Labor Market and Credit Conditions: The COVID recession was unique due to government interventions that prevented a traditional credit cycle, but current trends show rising unemployment and delinquencies, with a potential worsening of credit conditions and increased risk of recession despite claims of easing financial conditions.
The Main Event
After multiple weeks on the same topic, I wanted to hit on a few different subjects. Inflation of course remains one of them, but there are growing rumbles within both housing and credit that can’t be ignored.
Thoughts post-CPI:
While I’d consider the output “mixed” this past week on the CPI “meet” after the extended inflation commentary in “People Are Crazy”, there continues to be a puzzling disconnect in the timing of the OER decline relative to measures of rental inflation. This is a very good reminder that the effort the BLS puts into proper inflation measurement is admirable, even if it occasionally leads to confusing outcomes.
Remember that OER (owner’s equivalent rent) is a metric constructed bottoms up by the BLS using surveys of actual rentals to measure price change. As a result, individual household decisions (like moving or staying in place) can meaningfully affect the relationship between observed rents and OER. In the aftermath of the GFC, high levels of unemployment, disparate recoveries, and foreclosures meant that moving was relatively common. During the COVID pandemic, relocations were even more common. As a result, the match between new tenant rents and overall rents was quite different. Post-GFC, the closest match was roughly an 18-month periodicity. During COVID, this best fit fell to roughly 12 months. Post-rate hikes, this has expanded to what appears to be a nearly 26-month moving average.
For those who describe the housing markets as “frozen,” this is true, with far lower moving rates for BOTH renters and owners. As a result, “inflation” is proving stickier due to slower relocations that are slowing the incorporation of new, cheaper rents. Perhaps this is the new normal. Or perhaps rising delinquencies, evictions, and job loss will accelerate this pace. I am drawn to Neil Howe’s observation from the Fourth Turning that “crisis” always results in relocation (as an aside, Neil will be joining Harley and I for the July Keeping it Simple).
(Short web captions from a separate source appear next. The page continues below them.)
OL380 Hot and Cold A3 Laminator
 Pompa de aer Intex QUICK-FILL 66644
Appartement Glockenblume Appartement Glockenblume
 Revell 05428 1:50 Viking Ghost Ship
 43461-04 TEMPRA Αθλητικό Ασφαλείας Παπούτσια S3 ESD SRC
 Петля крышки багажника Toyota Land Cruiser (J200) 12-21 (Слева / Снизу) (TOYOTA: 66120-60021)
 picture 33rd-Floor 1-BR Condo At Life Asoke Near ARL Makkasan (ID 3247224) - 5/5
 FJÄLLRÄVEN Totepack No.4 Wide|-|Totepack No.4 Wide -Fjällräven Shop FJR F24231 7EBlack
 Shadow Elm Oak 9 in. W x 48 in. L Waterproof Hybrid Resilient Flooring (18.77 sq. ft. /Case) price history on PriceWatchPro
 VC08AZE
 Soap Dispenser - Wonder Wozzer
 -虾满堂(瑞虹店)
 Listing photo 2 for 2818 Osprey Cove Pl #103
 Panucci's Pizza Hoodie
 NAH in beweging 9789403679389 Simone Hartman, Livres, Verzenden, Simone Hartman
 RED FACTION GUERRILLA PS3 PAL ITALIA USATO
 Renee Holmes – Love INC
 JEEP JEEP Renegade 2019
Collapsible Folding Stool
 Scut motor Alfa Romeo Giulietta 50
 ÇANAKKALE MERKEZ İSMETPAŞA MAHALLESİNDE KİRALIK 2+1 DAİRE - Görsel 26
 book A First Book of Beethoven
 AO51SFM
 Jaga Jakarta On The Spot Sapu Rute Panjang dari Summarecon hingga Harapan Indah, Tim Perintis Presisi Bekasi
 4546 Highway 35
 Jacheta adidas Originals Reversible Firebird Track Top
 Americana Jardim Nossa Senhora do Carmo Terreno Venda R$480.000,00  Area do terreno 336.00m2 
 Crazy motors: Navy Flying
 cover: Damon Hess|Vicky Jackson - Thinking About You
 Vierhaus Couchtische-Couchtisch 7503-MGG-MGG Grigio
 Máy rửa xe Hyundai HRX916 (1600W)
We don’t know the answer, but at least we are now aware of the problem. Fortunately, the government SHOULD be aware as well. This note from David Rosenberg was forwarded to me by way of Danielle DiMartino Booth:
The Italianization of America
One of the themes I’ve highlighted for well over a decade is the increased propensity for children to live at home as adults. The momentary reversal of this process following the drop in interest rates in Q4-2018 was a key contributor to the tightness in housing markets that drove prices stratospheric as COVID drove a hunt for more living space. There is a modest element of this chart that is misleading as within group aging has contributed as well, but a climb from 40% to 43% for this oversized group accounts for nearly 2MM of the total 3.6MM households formed from 2017 to 2021. The vast majority of that surge occurred 2020 to 2021.